Karanovo. Römische Grabhügel, rechts der in Ausgrabung befindliche Osthügel. Fotografiert 2010 vom vorgeschichtlichen Tell aus. (Foto: RGZM / M. Scholz)

Karanovo. Die Grabkammer des thrakischen Aristokraten im Schutzbau des Osthügels. (Foto: RGZM / M. Scholz)

Karanovo. Blick in die Grabkammer des thrakischen Aristokraten im Osthügel (Rekonstruktion). (Foto: RGZM / M. Scholz)

Karanovo. Schutzbau des Osthügels. Im Vordergrund Ritualplatz mit Altar, im Hintergrund die Grabkammer. (Foto: RGZM / M. Scholz)

Karanovo. Kasserolle aus dem Aristokratengrab während der Restaurierung im RGZM. (Foto: RGZM / M. Scholz)

Karanovo. Geophysikalische Prospektionen im Bereich des Osthügels durch die Zentralanstalt für Meteorologie und Geodynamik Wien 2012. (Foto: RGZM / M. Scholz)

Karanovo. Römische Grabhügel in der Nachbarschaft des Osthügels. (Foto: RGZM / M. Scholz)

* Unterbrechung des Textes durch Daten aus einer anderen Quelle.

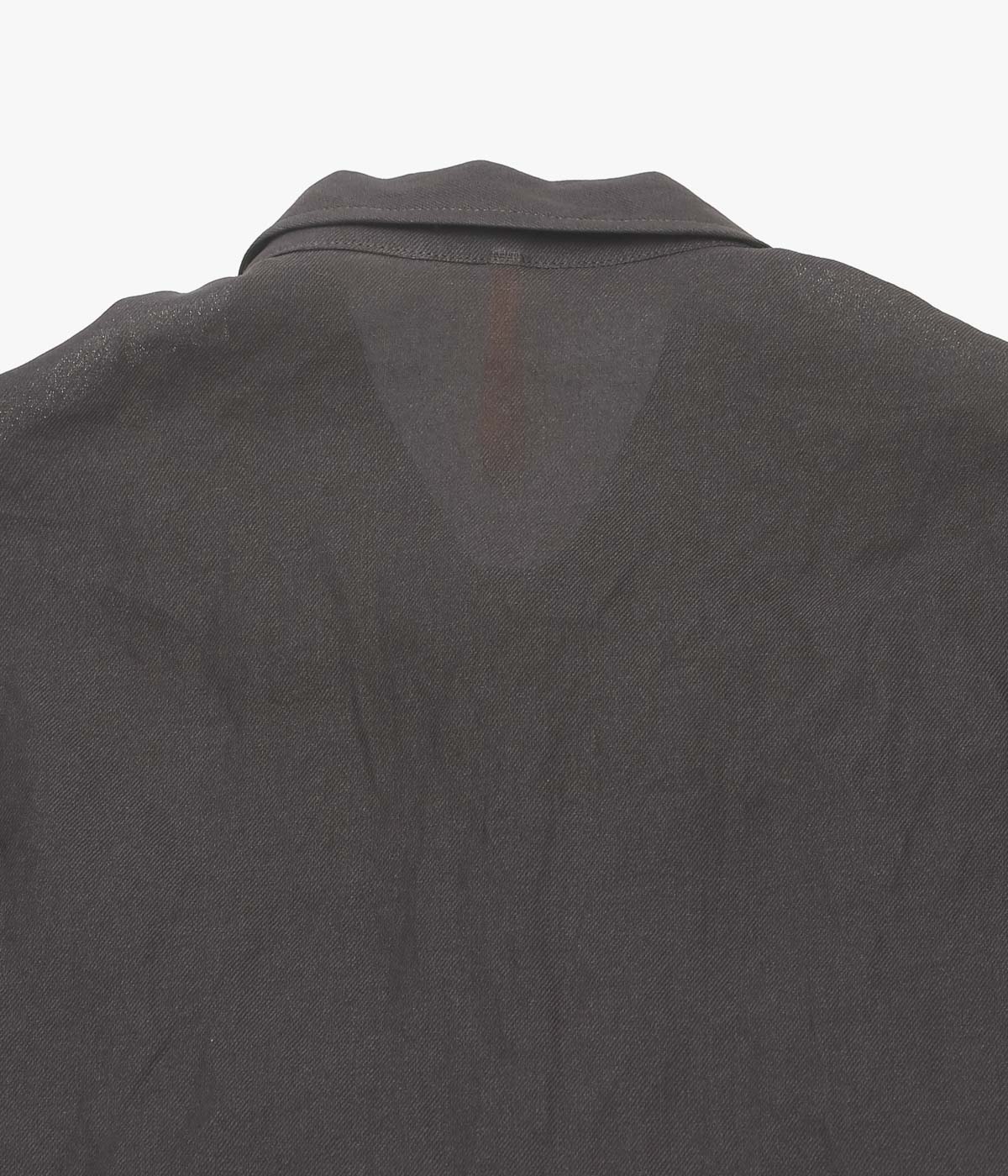 MAN-TLE "SHOP SHIRT" (HUMIC PAPER GABARDINE)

Karanovo. Blick über das Siedlungsareal der römischen und byzantinischen Epoche. (Foto: RGZM / M. Scholz)

Karanovo. Georadar im Bereich der römischen und byzantinischen Siedlung 2012. (Foto: RGZM / M. Scholz)

 

Untersuchungen an einem thrakischen Grabhügel aus der frühen römischen Kaiserzeit in Karanovo (Bulgarien)

Ein Restaurierungs- und Forschungsprojekt des Historischen Museums Nova Zagora und des Römisch-Germanischen Zentralmuseums Mainz

Die römische Provinz Thracia zeichnet sich durch reiche Bestattungen in Grabhügeln aus, doch erst 2008-09 gelang erstmals die Ausgrabung eines ungestörten „Fürstengrabes“ mit modernen Methoden. Den Brauch, sich in monumentalen Grabhügeln bestatten zu lassen, pflegten einige hellenistische Herrscher im 4.-3 Jahrhundert v. Chr. Als Thrakien im Jahre 46 n. Chr. römische Provinz wurde, war dieser Brauch bereits seit über 300 Jahren erloschen. Die thrakische Elite musste sich gegenüber den neuen Machthabern positionieren. Sie entwickelte das Bedürfnis, ihren regionalen Führungsanspruch dauerhaft sichtbar zu manifestieren. In der Folge kam es zu einer Renaissance der Grabhügel (Erinnerungskultur). Der Aristokrat von Karanovo stand am Beginn dieser Entwicklung und gehörte zu ihren „Trendsettern“. Er knüpfte damit um 30-50 n. Chr. einerseits traditionsbewusst an die Riten der thrakischen Könige an, was sich auch anhand des facettenreichen Bestattungsritus nachvollziehen lässt. Andererseits stellte er mit damals hochmodernen Qualitätsprodukten seine internationale Vernetzung zur Schau. Das zeigt eine erste Analyse seiner über 100 Grabbeigaben.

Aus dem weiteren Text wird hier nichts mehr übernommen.